3.       SUBADVISERS: You may engage one or more investment advisers which are
         either registered as such or specifically exempt from registration
         under the Investment Advisers Act of 1940, as amended, to act as
         subadvisers to provide with respect to the Fund certain services set
         forth in Paragraphs 4 and 7 hereof, or as shall be set forth in a
         written contract to which the Trust, on behalf of the Fund, and you
         shall be parties, which contract shall be subject to approval in
         accordance with the requirements of the Investment Company Act of 1940,
         as amended, and as such requirements may be modified by rule,
         regulation or order of the Securities and Exchange Commission.

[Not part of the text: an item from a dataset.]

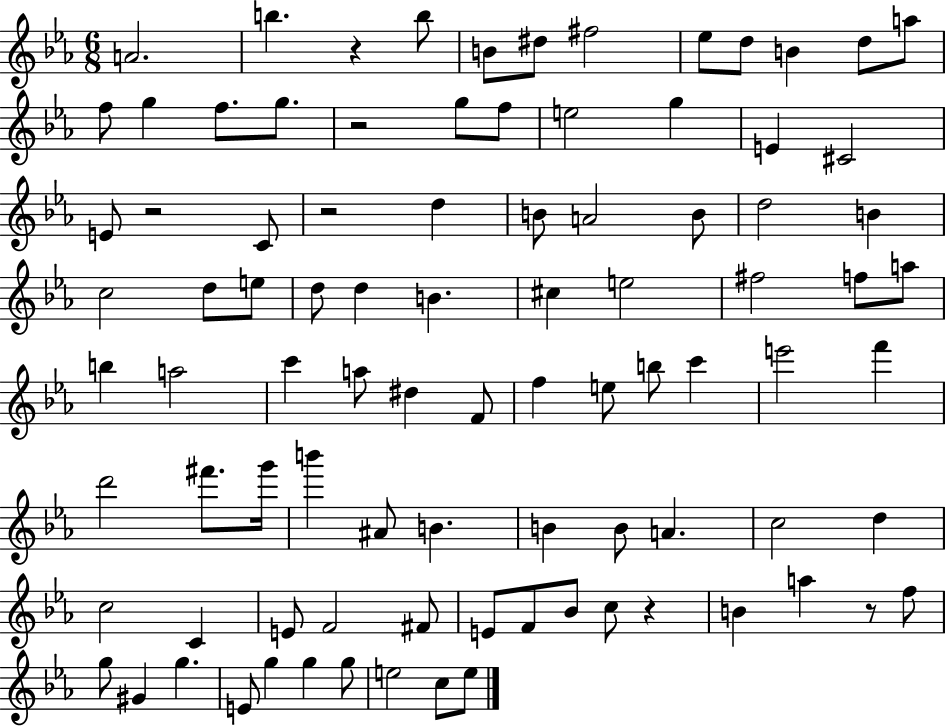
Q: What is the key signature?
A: EES major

4.       ADVISORY SERVICES: You will regularly provide the Fund with investment
         research, advice and supervision and will furnish continuously an
         investment program for the Fund consistent with the investment
         objectives and policies of the Fund. You will determine what securities
         shall be purchased for the Fund, what securities shall be held or sold
         by the Fund, and what portion of the Fund's assets shall be held
         uninvested, subject always to the provisions of the Trust's Declaration
         of Trust and By-Laws and of the Investment Company Act of 1940, as
         amended, and to the investment objectives, policies and restrictions of
         the Fund, as each of the same shall be from time to time in effect, and
         subject, further to such policies and instructions as the Board of
         Trustees may from time to time establish. You shall advise and assist
         the officers of the Trust in taking such steps as are necessary or
         appropriate to carry out the decisions of the Board of Trustees and the
         appropriate committees of the Board of Trustees regarding the conduct
         of the business of the Trust insofar as it relates to the Fund.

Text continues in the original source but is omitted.